We haven't yet been able to ask our Telco to switch back the DWDM
links to original situation.

However, since logging was activated on the server I'm having a lot of
messages :

lpfc 0000:10:00.1: 1:(0):0730 FCP command x26 failed: x2 SNS x70000500
x20000000 Data: xa x200 x10 x0 x0

for which I couldn't find no explanation
(http://www-dl.emulex.com/support/linux/820482p/linux.pdf)

Do you have any information on this ?

This is saying that SCSI command opcode 0x26 (Vendor-specific opcode ??) failed, with Status code x2 (Check Condition) followed by the SCSI sense data, w/ Sense Key 5 (ILLEGAL REQUEST).

I don't know who would be issuing this command (opcode 0x26), most likely some utility/daemon using sgio, but the target is rejecting the command (not valid for the vendor). Very reasonable.


Also, there are other lpfc parameters that could be tweaked if I
understand well their meaning:

lpfc_hba_queue_depth currently set to 1024 :   Does it represent the
number of [IOs/Exchanges] the HBA will queue untill the remote port
acks them or untill it is considered down ?

This is the total number of i/o's outstanding on the wire, to all targets/luns, at any point in time. This is typically the capacity of the adapter, which is used in a FIFO basis as I/O is received from the midlayer. The default value of the attribute takes the maximum from the adapter. On your adapter, the value is 1024. On most newer adapters, it is 2x this or more. The only time I've seen this value tweaked is when our adapter is connected to a single target (array), and overruns or fully utilizes the capacity of the target, causing the target to work harder, and actually accomplish less, than it could at say an 80% utilization level (note: capacity level is target-specific). (another reason per-target queue_depth handling was put in - see next comment).
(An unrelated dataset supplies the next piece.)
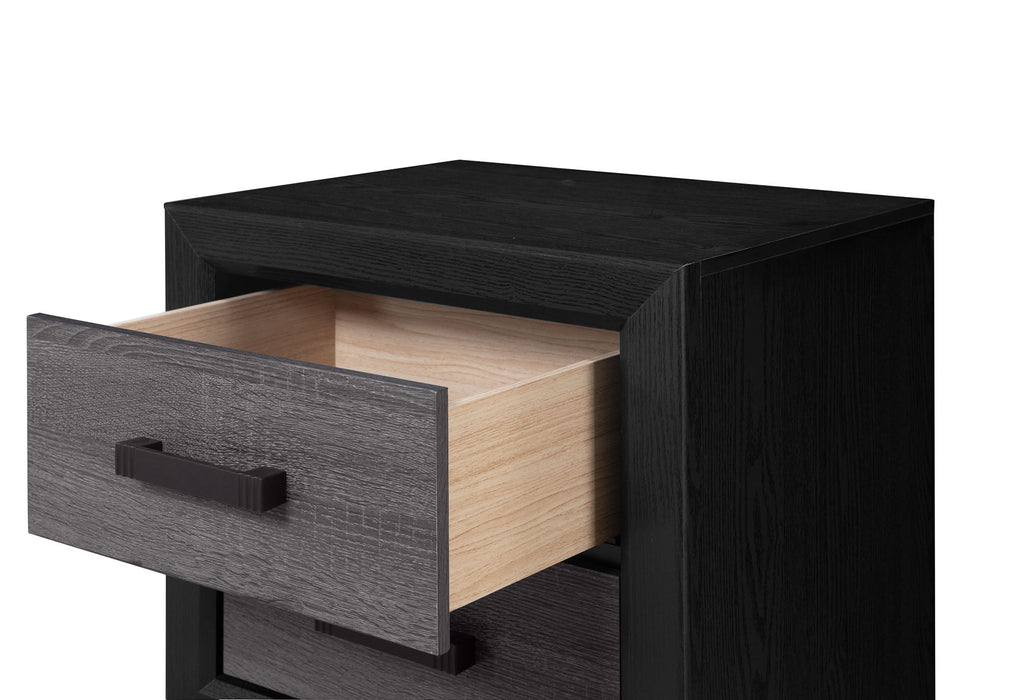 Lisbon - Nightstand - Gray / Black - alternate view 3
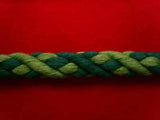 C103 10mm Forest and Pale Leaf Green Furnishing Cord - Ribbonmoon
lpfc_max_scsicmpl_time set to 0 : Does 0 represent some infinite
value, meaning it won't timeout any IO for which the driver did not
receive any completion ack ?

No, unrelated. This is relative to target queue depth mgmt. The midlayer doesn't do queue depth management by target - only per sdev (lun). Our driver does though. Target queue depth is the sum of all i/o to all luns on the same target, with a threshold that may or may not be capped based on the array type, and which scales/ramps down to the existing outstanding i/o count when the target reports QUEUE_FULL/TASK_SET_FULL. This behavior is valid only on targets that have a shared i/o queue for all luns. This value controls the per-target ramp-up processing. If 0, we use a constant compiled-in interval which ramps our target queue depth back up by x%. When non-zero, it specifies a shost-specific time interval for the ramp up (it's actually a little trickier than this as it's tailored on some arrays that really depended upon not being overrun beyond their capacity levels).